La tâche qui pèse sur les politiques publiques est de mettre sur pied un dôme de protection par de nouvelles technologies et une mise à jour de la réglementation. C’est ainsi que par strates successives, depuis une vingtaine d’années, s’est formé un corpus législatif: loi 07-03 (infractions relatives aux systèmes de traitement automatisé de données), loi 53-05 (cryptographie, signature électronique et certification électronique), loi 09-08 (protection des personnes physiques et des données personnelles). Ces textes législatifs ont été complétés par d’autres, réglementaires: protection des systèmes d’information sensibles des infrastructures vitales (décret n° 2-15-712), critères d’homologation des prestataires d’audit privés des systèmes d’informations sensibles. Depuis une dizaine d’années, une stratégie nationale en matière de cybersécurité est ainsi en place.
L’année 2013 voit ainsi la création de la Direction nationale de la sécurité des systèmes d’information (DNSSI). Elle a pour mission tout le champ des mesures de protection et de sécurité organisationnelles et techniques visant les cybermenaces pouvant troubler ou porter atteinte la stabilité du pays. L’ambition est celle-ci: la garantie de la gouvernance étatique de la cybersécurité. En prolongement, diverses institutions étoffent cette politique: le Comité stratégique de la sécurité des systèmes d’information (CSSSI), présidé par le ministre en charge de l’Administration de la défense nationale, la Moroccan computer emergency response team (maCERT) et le Cyber-Drill chargé de l’organisation annuelle de l’exercice de cybersécurité national.
Par ailleurs, dans le processus et le système stratégique de cyberdéfense, il faut mentionner d’autres acteurs: l’Agence nationale de réglementation des télécommunications (ANRT), la Commission nationale de contrôle de la protection des données à caractère personnel (CNDP) et le Centre marocain de recherches polytechniques et d’innovation (CMRPI). Les partenariats avec des États tiers sont un autre versant de cette politique: coopération avec la Corée du Sud, intégration du Maroc dans le programme de coopération Cybersud avec l’UE et d’autres pays méditerranéens, et depuis juillet 2021, partenariat avec Israël. Des acteurs privés internationaux sont encore à mentionner au Maroc, notamment des entreprises américaines ou européennes.

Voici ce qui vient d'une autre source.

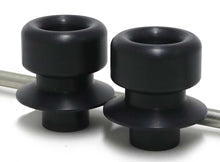 Load image into Gallery viewer, SHOGUN FRONT AXLE SLIDERS BLACK 702-4959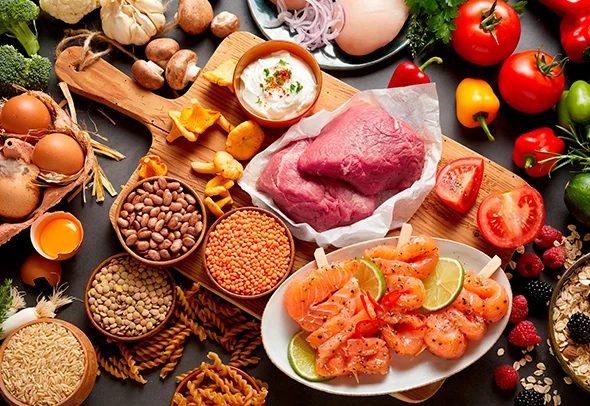 Ингредиенты с ярким собственным вкусом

Le Maroc, privilégié par sa géographie stratégique, affirme son ambition d’être à terme le premier hub numérique en Afrique francophone et le deuxième sur le continent. Il y a là aussi le souci d’instaurer une bonne gouvernance en cyberdéfense et de se doter d’une arme numérique pour la pérennité de ses intérêts nationaux. Face aux évolutions stratégiques, le grand effort doit porter sur l’amélioration et la consolidation de la cyber-résilience.
Aucun pays n’envisage un bouclier numérique capable de mettre en échec toute cyberattaque le ciblant. Mais il vaut de renforcer le niveau de cybersécurité pour se préparer à davantage d’offensives organisées. Les efforts entrepris dans les secteurs public et privé doivent être amplifiés: de grandes marges de progrès existent encore. Un écosystème public et privé dans ce domaine est à réarticuler, et une gouvernance efficiente de la sécurité numérique de l’État est à consolider.